By Yu Seen Ng, Janet Zhang, and Evangeline Loh

Background

The Chief Executive, Dr. Muralitharan Paramasua, of the regulator in Malaysia, the Medical Device Authority (MDA), hosted the 2025 keynote address (January 14).

Many programs were presented: e-labeling, UDI, import permit, guidance documents, Medcast 3.0, additional recognized ASEAN countries, and Class A fees. This update focuses on one of the global harmonization/regulatory reliance initiatives.

Joint agreement between China and Malaysia signed

Dr. Paramasua announced that China and Malaysia had signed an agreement (January 13) to facilitate medical device reviews between the National Products Administration (NMPA) and Medical Device Authority (MDA), respectively.

While the evaluation framework is in development, the proposed assessment would allow Class C and Class D products authorized by NMPA to be registered in Malaysia in 1-2 months. Similarly, Class B products authorized by MDA would be registered in China in 1-2 months.

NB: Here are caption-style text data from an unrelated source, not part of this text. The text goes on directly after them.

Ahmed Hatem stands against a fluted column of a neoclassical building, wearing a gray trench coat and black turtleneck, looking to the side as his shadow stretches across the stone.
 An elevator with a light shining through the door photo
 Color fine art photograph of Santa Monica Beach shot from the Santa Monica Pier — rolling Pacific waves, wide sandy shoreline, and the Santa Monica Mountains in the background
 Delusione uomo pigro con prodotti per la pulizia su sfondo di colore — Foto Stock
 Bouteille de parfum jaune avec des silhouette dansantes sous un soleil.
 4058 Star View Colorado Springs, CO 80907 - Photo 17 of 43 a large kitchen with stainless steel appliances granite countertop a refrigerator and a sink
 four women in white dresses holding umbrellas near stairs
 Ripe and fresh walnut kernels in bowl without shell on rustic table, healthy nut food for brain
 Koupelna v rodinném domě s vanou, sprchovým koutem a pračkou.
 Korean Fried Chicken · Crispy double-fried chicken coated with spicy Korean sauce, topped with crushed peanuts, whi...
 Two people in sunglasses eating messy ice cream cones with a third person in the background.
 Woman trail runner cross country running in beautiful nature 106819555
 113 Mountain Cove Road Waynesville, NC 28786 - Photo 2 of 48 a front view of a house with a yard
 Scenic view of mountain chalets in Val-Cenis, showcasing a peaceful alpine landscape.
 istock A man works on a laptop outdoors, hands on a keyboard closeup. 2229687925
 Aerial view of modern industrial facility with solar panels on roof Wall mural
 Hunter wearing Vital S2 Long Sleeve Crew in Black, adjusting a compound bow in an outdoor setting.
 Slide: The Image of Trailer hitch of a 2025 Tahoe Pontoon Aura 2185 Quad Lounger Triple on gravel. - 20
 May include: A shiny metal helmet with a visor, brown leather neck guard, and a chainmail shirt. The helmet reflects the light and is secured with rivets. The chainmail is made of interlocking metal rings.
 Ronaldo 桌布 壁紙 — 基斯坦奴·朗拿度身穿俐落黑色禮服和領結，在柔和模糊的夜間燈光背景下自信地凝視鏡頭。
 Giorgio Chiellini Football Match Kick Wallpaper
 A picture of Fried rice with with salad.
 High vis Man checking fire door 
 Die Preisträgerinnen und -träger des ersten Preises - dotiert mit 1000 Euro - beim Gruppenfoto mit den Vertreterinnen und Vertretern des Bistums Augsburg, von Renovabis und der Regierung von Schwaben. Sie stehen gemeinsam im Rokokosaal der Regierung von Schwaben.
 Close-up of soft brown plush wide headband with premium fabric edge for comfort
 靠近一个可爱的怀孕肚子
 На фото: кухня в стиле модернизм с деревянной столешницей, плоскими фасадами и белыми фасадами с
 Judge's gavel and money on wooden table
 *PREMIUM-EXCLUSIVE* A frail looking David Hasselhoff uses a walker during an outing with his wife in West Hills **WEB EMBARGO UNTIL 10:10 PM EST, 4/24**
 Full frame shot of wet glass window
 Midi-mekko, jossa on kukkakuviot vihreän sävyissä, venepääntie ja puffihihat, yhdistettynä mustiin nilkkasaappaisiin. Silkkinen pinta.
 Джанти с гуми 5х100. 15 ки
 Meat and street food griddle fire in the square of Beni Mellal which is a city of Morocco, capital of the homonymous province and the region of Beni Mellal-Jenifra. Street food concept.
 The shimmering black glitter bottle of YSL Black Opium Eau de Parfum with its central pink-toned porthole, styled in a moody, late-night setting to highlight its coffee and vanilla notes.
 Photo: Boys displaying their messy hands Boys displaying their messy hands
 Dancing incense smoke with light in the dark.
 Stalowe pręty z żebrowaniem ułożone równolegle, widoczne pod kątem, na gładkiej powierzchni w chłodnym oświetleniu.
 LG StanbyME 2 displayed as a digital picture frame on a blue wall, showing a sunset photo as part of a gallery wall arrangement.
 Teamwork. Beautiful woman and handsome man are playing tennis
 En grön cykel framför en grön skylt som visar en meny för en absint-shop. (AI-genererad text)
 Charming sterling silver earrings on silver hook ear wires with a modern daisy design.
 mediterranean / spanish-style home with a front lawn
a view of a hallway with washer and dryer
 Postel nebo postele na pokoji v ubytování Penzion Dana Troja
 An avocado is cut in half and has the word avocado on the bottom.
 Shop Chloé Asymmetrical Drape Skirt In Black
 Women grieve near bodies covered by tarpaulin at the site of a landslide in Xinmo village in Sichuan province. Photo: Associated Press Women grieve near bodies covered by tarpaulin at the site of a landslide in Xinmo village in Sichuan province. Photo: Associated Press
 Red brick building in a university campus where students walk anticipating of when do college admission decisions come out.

Explanation for this joint agreement

It was explained that most of the products registered with NMPA brought into Malaysia from China are Class C and Class D. And most of the products manufactured in Malaysia are Class B (and Class A). Dr. Paramasua mentioned that a Class B product permitted by MDA could require as long as two years before a complete review by NMPA for access to the China market. Hence, the program is proposed to reduce the review times.

Concluding remarks

Emergo will continue to monitor developments related to this Joint Assessment. However, our experience is consistent with this as well. In addition, the MDA announced that there are current discussions with the regulator in South Korea, MFDS.

The prospects for 2025 and regulatory reliance are exciting, and these initiatives from the MDA certainly add to that.